Quoi de mieux pour imposer sa vision que de décrédibiliser celle de son prédécesseur? En poussant le CSA à démettre Mathieu Gallet, le PDG de Radio France élu à l’unanimité quatre ans plus tôt, mais condamné en première instance pour favoritisme, Emmanuel Macron démontre les limites du pouvoir de nomination conféré à l’autorité de l’audiovisuel par François Hollande. Et le feuilleton n’est peut-être pas encore terminé. Si Mathieu Gallet fait appel de la décision du CSA auprès du Conseil d’État et qu’il obtient gain de cause, on pourrait se retrouver mi-2018 avec deux PDG de Radio France: le nouveau, qui sera désigné par le CSA, et l’ancien, qui réintégrera son poste. Deux papes pour un même trône. Cette ficelle a déjà été utilisée par Philippe le Bel pour affaiblir le pouvoir temporel de l’Église.

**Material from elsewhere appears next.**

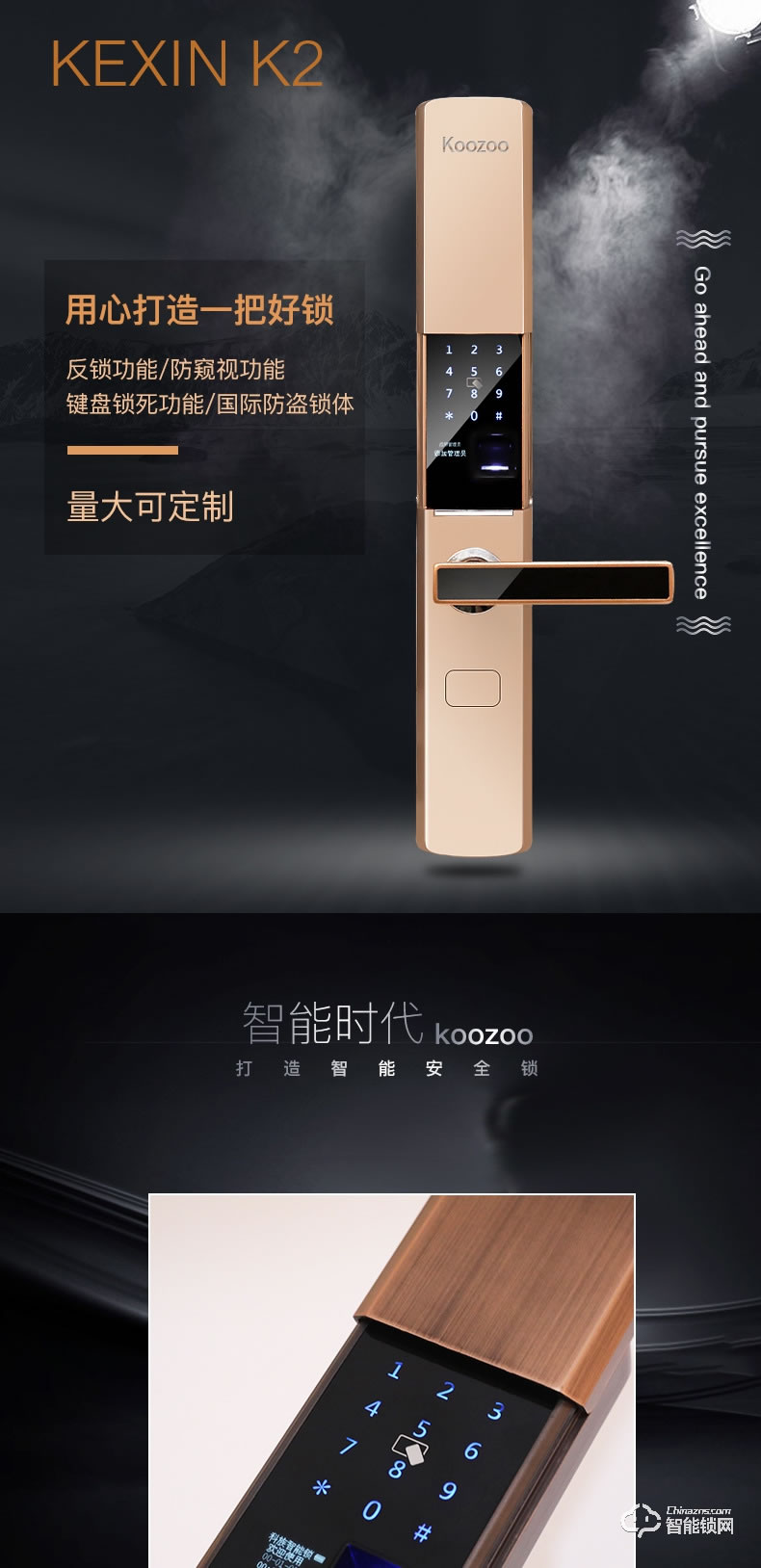 科族智能鎖 k2滑蓋指紋密碼智能鎖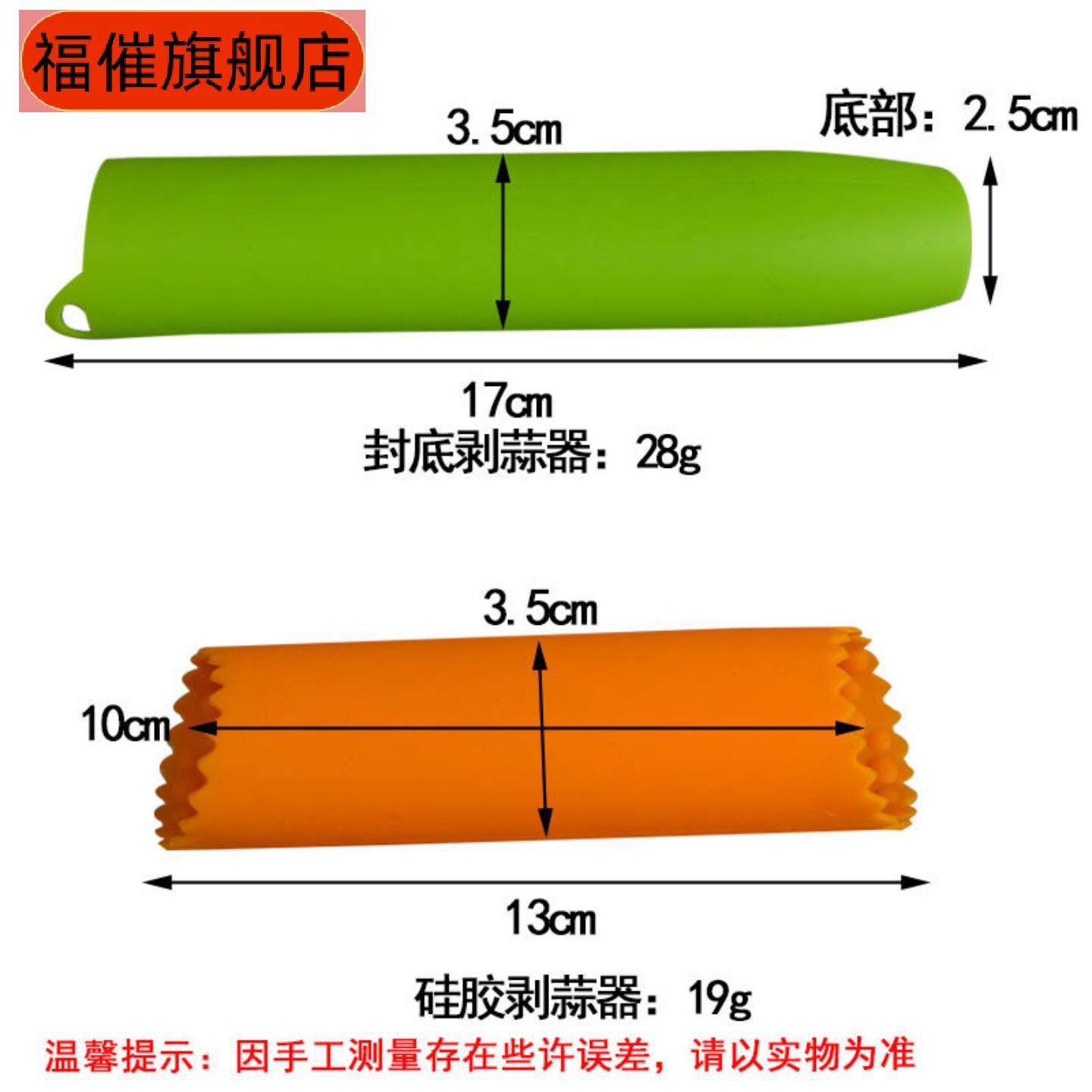 加厚柔软硅胶封底手动剥蒜器高效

Il faut résoudre une équation très délicate : tenir les rênes courtes des PDG tout en leur assurant une grande autonomie vis-à-vis du pouvoir politique
Au point où en sont les choses, Emmanuel Macron s’évite un débat long et houleux sur la nécessité de réformer le mode de nomination des PDG de l’audiovisuel public et d’imposer un big bang des entreprises qui le composent. Le travail de sape a été mené méthodiquement. Premier round: en septembre, l’État coupe dans les budgets des sociétés de l’audiovisuel public, affaiblissant au passage l’autorité de leurs dirigeants. Deuxième round: Emmanuel Macron fait savoir qu’à ses yeux, «l’audiovisuel public est la honte de la République», achevant de les déstabiliser. Troisième round: le gouvernement obtient du CSA qu’il révoque l’un d’eux, tétanisant les trois autres. Mathieu Gallet étant K.-O. et le CSA dans les cordes, Delphine Ernotte, Marie-Christine Saragosse et Laurent Vallet n’ont plus envie d’en découdre. Désormais, la ministre de la Culture, Françoise Nyssen, peut tranquillement dérouler sa feuille de route: faire voter, d’ici à la fin de l’année 2018, une loi confiant le pouvoir de nomination des PDG de l’audiovisuel public aux conseils d’administration des sociétés, puis imposer la création d’un holding commun à France Télévisions, Radio France, France Médias Monde et l’INA.
Cette fois sera-t-elle la bonne? La question de la nomination des dirigeants de l’audiovisuel public n’a jamais trouvé de réponse satisfaisante. Car il faut résoudre une équation très délicate: tenir les rênes courtes des PDG, tout en leur assurant une grande autonomie vis-à-vis du pouvoir politique. Trois présidents de la République successifs ont pensé avoir trouvé la formule magique. Nicolas Sarkozy a estimé qu’il fallaiten finir avec les hypocrisies et les jeux d’ombre en s’octroyant lui-même le pouvoir de nomination. C’était clair et direct, mais à l’usage contre-productif. Jean-Luc Hees, homme de gauche, a passé cinq ans à se défendre auprès des salariés de Radio France d’avoir été nommé par un président de droite. Et Rémy Pflimlin a été privé, pour la même raison, d’une partie de son autorité sur les troupes de France Télévisions. François Hollande a pris le contre-pied, en confiant au CSA le soin de nommer en toute indépendance les patrons du service public. Idée séduisante, mais tout aussi inopérante. Le CSA a nommé des hommes et femmes qui, ensuite, se sont retrouvés sans défense face à l’État, unique actionnaire et unique décideur en matière budgétaire. Aujourd’hui, Emmanuel Macron pense qu’il faut confier ce pouvoir aux conseils d’administration. Comme dans n’importe quelle autre entreprise. Mais il va se retrouver face à une contradiction. Si le service public adopte les codes du privé, il risque de perdre ses missions spécifiques et de brouiller encore plus son image auprès des téléspectateurs. Or ces derniers sont aussi des contribuables qui doivent s’acquitter de la redevance.